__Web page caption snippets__

☆ ☆ ☆ ☆ ☆ ☆ ☆

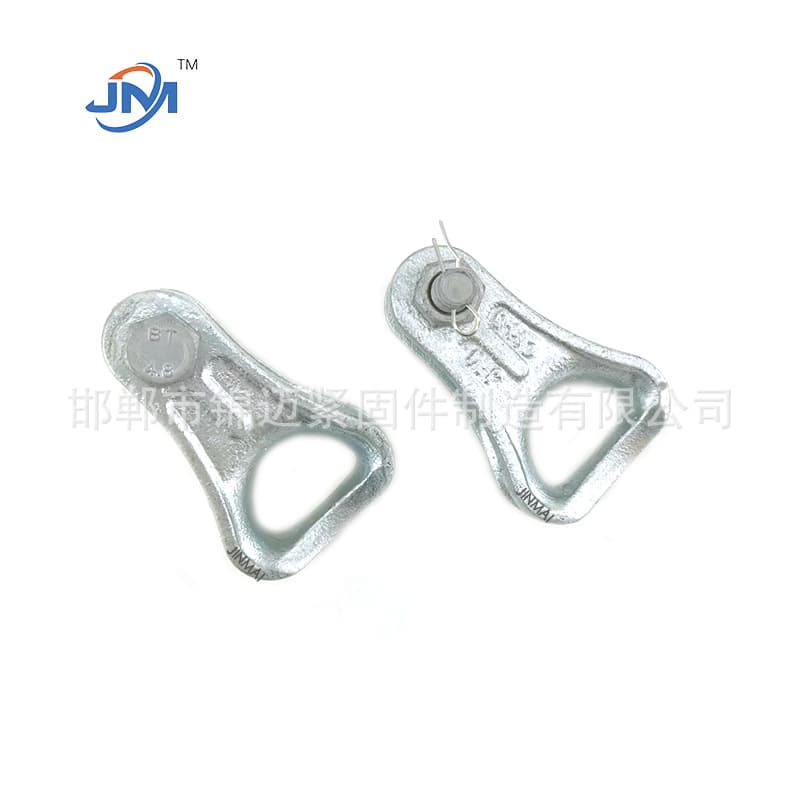 Thimble, heart-shaped ring QH-5/QH-7 optical cable fittings, ADSS tension fittings connectors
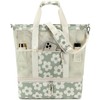 Bluboon Mesh Beach Tote Bag with Cooler Compartment Insulated Detachable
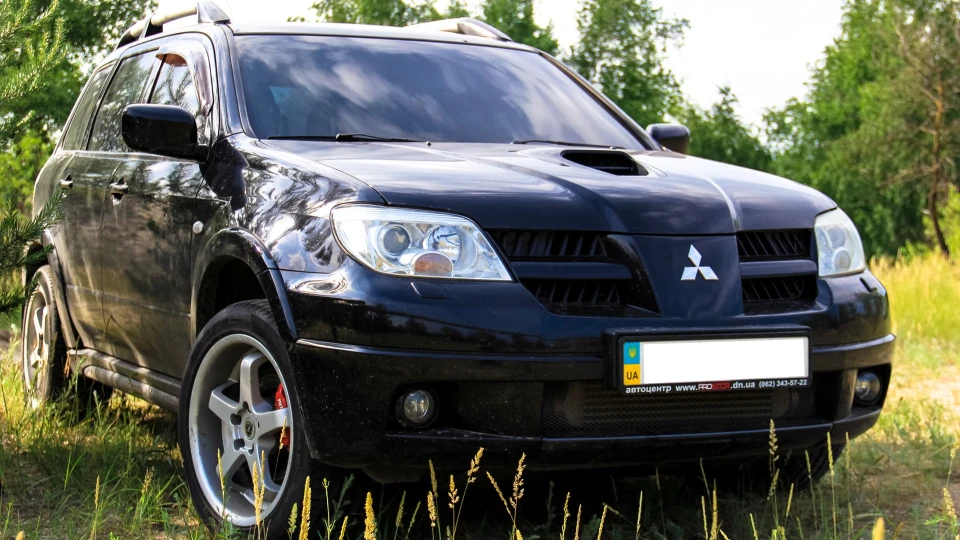 Mitsubishi Outlander Turbo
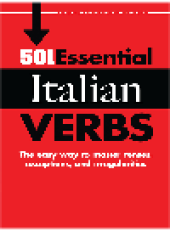 book 501 Essential Italian Verbs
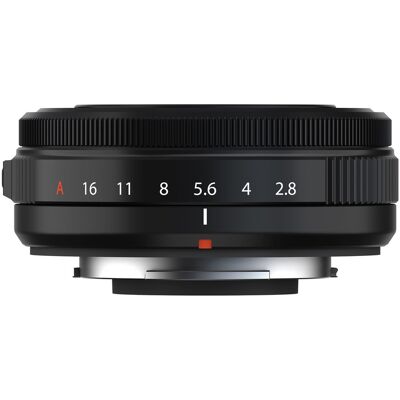Fujifilm Fujinon XF 27mm f/2,8 R WR, svart Fujifilm Fujinon XF 27mm f/2,8 R WR, svart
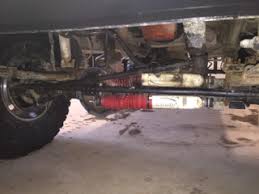 Wagoneer SOA pulls to one side/SOLVED!!!!! - Full Size Jeep Network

☆ ☆ ☆ ☆ ☆ ☆ ☆

__What to do__
The answer must consist of the entries above, reproduced word for word, without any pictures.

__Answer to this problem__
 Thimble, heart-shaped ring QH-5/QH-7 optical cable fittings, ADSS tension fittings connectors
 Bluboon Mesh Beach Tote Bag with Cooler Compartment Insulated Detachable
 Mitsubishi Outlander Turbo
 book 501 Essential Italian Verbs
Fujifilm Fujinon XF 27mm f/2,8 R WR, svart Fujifilm Fujinon XF 27mm f/2,8 R WR, svart
 Wagoneer SOA pulls to one side/SOLVED!!!!! - Full Size Jeep Network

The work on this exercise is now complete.